> [RECORDS SHOWN]
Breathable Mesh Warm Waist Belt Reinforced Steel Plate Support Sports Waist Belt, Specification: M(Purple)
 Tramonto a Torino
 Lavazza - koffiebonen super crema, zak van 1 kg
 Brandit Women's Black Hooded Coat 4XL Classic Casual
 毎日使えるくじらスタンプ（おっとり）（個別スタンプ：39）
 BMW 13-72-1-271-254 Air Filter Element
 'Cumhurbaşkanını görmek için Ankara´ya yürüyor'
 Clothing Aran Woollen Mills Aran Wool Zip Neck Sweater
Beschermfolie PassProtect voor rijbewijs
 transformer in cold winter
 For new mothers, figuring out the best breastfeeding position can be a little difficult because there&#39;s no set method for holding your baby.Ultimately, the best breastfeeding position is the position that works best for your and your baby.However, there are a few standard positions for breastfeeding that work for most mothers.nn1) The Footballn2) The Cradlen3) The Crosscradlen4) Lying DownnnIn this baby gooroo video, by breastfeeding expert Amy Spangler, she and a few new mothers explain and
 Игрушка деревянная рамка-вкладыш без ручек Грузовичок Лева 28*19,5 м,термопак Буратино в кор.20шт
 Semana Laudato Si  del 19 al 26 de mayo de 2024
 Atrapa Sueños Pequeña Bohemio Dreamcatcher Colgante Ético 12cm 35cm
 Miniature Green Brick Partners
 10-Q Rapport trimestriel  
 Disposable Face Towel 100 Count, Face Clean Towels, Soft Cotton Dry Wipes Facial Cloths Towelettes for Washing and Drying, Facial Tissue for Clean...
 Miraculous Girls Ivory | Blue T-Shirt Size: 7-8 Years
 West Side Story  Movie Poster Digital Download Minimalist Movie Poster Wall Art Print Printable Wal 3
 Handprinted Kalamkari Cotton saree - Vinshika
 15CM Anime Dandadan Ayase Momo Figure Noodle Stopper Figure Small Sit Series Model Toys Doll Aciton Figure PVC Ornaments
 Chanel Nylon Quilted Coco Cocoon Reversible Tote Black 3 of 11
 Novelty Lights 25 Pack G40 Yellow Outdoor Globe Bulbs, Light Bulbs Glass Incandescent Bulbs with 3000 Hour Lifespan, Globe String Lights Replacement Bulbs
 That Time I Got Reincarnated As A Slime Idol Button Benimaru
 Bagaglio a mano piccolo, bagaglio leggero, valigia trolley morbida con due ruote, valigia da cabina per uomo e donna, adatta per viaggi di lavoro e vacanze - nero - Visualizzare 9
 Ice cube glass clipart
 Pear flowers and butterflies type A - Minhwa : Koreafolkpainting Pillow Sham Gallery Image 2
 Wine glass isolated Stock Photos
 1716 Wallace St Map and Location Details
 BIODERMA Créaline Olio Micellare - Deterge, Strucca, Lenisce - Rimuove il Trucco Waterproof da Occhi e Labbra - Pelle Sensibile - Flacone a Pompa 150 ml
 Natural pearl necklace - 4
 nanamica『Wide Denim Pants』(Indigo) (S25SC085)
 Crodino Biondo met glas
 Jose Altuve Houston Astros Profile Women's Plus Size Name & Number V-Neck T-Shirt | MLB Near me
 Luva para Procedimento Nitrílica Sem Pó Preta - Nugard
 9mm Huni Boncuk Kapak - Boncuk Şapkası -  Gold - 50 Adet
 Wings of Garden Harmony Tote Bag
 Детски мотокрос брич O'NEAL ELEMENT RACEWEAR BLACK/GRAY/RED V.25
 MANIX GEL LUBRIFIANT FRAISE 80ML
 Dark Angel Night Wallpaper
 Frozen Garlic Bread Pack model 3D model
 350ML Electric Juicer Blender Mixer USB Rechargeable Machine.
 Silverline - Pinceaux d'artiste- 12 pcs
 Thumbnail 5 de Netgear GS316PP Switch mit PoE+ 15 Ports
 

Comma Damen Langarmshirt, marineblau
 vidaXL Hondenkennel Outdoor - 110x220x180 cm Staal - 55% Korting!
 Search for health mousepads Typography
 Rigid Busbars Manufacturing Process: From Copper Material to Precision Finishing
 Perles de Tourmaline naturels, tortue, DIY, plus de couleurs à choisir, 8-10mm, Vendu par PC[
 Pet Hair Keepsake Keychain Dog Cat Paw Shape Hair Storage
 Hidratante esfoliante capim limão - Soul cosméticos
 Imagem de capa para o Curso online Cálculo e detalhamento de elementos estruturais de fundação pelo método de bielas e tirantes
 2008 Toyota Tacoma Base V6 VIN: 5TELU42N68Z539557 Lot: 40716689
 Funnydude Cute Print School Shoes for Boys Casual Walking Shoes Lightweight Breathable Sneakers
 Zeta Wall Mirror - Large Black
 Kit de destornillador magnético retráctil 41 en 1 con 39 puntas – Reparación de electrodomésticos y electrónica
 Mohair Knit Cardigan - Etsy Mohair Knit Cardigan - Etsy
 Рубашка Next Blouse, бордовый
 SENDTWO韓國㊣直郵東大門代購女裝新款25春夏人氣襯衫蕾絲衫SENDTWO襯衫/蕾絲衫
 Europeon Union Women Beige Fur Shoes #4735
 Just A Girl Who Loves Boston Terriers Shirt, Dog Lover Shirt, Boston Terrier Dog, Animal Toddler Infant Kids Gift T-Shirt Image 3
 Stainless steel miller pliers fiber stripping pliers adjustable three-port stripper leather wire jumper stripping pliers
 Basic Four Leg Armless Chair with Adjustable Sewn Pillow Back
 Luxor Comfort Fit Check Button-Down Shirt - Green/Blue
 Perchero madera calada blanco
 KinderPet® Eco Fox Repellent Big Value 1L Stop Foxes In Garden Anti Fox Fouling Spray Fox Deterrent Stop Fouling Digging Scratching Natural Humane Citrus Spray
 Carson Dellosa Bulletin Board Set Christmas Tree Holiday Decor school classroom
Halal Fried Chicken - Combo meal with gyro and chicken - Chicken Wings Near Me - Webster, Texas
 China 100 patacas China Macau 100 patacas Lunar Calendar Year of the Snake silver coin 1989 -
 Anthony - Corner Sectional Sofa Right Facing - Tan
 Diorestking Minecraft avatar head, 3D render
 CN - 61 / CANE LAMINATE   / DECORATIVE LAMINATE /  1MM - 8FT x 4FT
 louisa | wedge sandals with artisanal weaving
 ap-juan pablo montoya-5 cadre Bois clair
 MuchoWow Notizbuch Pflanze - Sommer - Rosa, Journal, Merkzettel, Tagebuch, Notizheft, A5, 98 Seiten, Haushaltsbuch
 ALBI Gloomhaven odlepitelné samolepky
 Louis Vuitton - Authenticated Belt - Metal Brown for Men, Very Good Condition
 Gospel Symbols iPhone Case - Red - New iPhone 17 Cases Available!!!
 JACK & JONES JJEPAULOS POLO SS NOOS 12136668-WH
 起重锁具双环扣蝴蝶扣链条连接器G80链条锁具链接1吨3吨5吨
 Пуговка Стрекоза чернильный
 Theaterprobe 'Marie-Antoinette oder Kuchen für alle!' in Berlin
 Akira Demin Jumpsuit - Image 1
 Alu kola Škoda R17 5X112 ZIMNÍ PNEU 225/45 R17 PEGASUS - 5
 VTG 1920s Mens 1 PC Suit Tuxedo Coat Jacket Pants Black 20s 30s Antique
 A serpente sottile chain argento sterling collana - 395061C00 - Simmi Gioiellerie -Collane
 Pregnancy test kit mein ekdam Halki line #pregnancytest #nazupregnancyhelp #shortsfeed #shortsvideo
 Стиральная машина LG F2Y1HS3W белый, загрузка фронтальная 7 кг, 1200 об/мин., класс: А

> [TASK PROMPT] Output the data exactly, from the first line through the line that holds "BMW 13-72-1-271-254 Air Filter Element", so that no later line appears.

> [FINISHED EXERCISE]
Breathable Mesh Warm Waist Belt Reinforced Steel Plate Support Sports Waist Belt, Specification: M(Purple)
 Tramonto a Torino
 Lavazza - koffiebonen super crema, zak van 1 kg
 Brandit Women's Black Hooded Coat 4XL Classic Casual
 毎日使えるくじらスタンプ（おっとり）（個別スタンプ：39）
 BMW 13-72-1-271-254 Air Filter Element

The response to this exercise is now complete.